TESS’s primary mission will be exoplanet searches, but as with Kepler—whose data has been used for a wide variety of other astrophysical research—mission officials anticipate additional uses of the data, such as stellar astrophysics and extragalactic astronomy. A guess investigator program run by NASA will support those additional lines of research.
TESS did have some issues during its development, notably with its optics. Last summer, NASA acknowledged that they had discovered the focus of the cameras would drift slightly as they cooled after launch. While the agency downplayed the issue, some astronomers worried that it would prevent the mission from meeting some of its science goals.
Ricker and other project scientists are more confident now that the focus drift won’t be a problem. “Subsequent testing that we did starting this summer and then into the fall indicated that there is a model” for explaining the drift, he said in January.
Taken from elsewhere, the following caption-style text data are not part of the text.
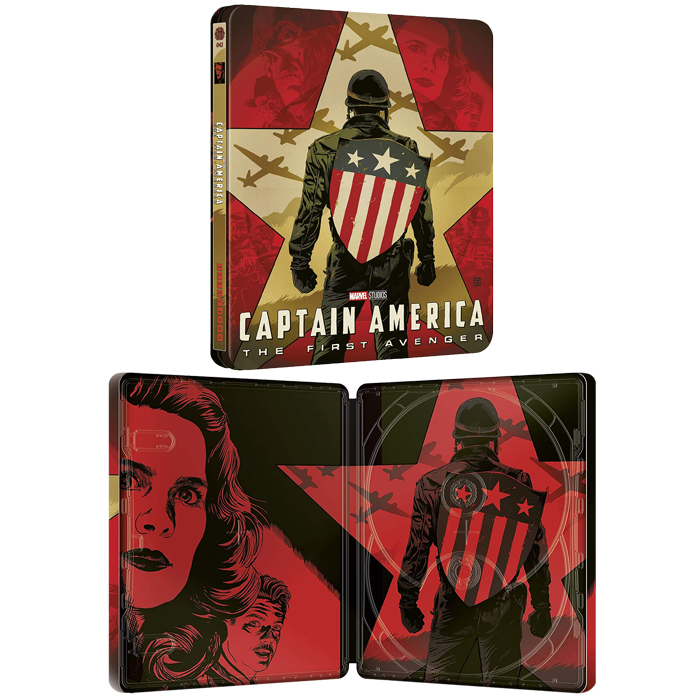 captain america 4k steelbook mondo visuel produit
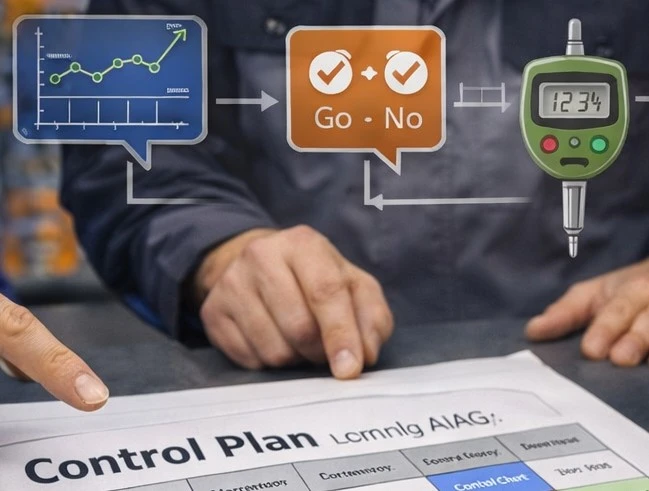 Control plan according to AIAG (březen 2024) 
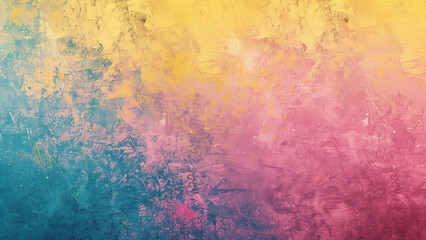 Obraz premium Vibrant Harmony: A High-Definition Gradient of Pink, Yellow, and Turquoise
That model concluded there is a “very reproducible crystallization effect” in one of the materials used in the cameras that causes the drift. That drift stops after time, and Ricker called it a one-time “focus shift” rather than a “focus drift,” which sounds more continuous.
Because TESS is primarily a photometry mission, measuring the brightness of the stars, the focus drift—or focus shift—won’t affect mission science, Ricker argued at the January conference.
“This is a photometry mission, not an imaging mission,” he said. “What this means is that it’s not important to have a sharp focus across the entire field of view. This was never part of the design. But it is important that the focus be stable, and that’s what we’ve been able to establish.”
The launch of TESS comes as Kepler reaches the end of its life. The spacecraft is running out of propellant used by its thrusters to maintain its attitude since the failure of two of its reaction control wheels several years ago. When that propellant is exhausted, the spacecraft’s mission will come to an end, as it will no longer be able to control its pointing.
A NASA statement in March about the end-of-mission plans led some to conclude that Kepler’s demise is imminent. But without a fuel gauge, spacecraft operators are relying on their best estimates of how much propellant is left, with some margin for error.
“Our current estimates are that Kepler’s tank will run dry within several months—but we’ve been surprised by its performance before!” Charlie Sobeck, system engineer for Kepler, said in that statement. “So, while we anticipate flight operations ending soon, we are prepared to continue as long as the fuel allows.”
The spacecraft itself is operating well other than the low fuel, so scientists are working to squeeze as much science out of it as possible. Plans are in place for additional campaigns that would run through the rest of this year.
Data collected by Kepler is still being mined by astronomers for new exoplanet discoveries and other research, a process that will continue long after Kepler ends. “While we’re running low on fuel,” Jessie Dotson, K2 project scientist at NASA’s Ames Research Center, said in January, “the science is just getting going.”
TESS is being billed by NASA as a successor sorts to Kepler, continuing the hint for exoplanets and finding targets for later missions. “TESS forms kind of a bridge between what we’ve learned about exoplanets to date and where we’re headed in the future,” said Volosin. “That’s a big part of our mission: to enable future exploration by providing a giant dataset all over the sky of where these exoplanets are.”
Those discoveries themselves should be exciting, based on the public reaction to Kepler’s haul of exoplanets. Robert Lockwood, the program manager for TESS at Orbital ATK, which built the spacecraft, said his wife, who doesn’t work in the field, was particularly excited about this mission, citing the “extraordinary stuff” it will do finding new worlds.
“The idea of finding other things on other planets really just sparks something in people,” he said at the pre-launch press conference. “I think it will catch on like wildfire… TESS is going to bring that to another level.”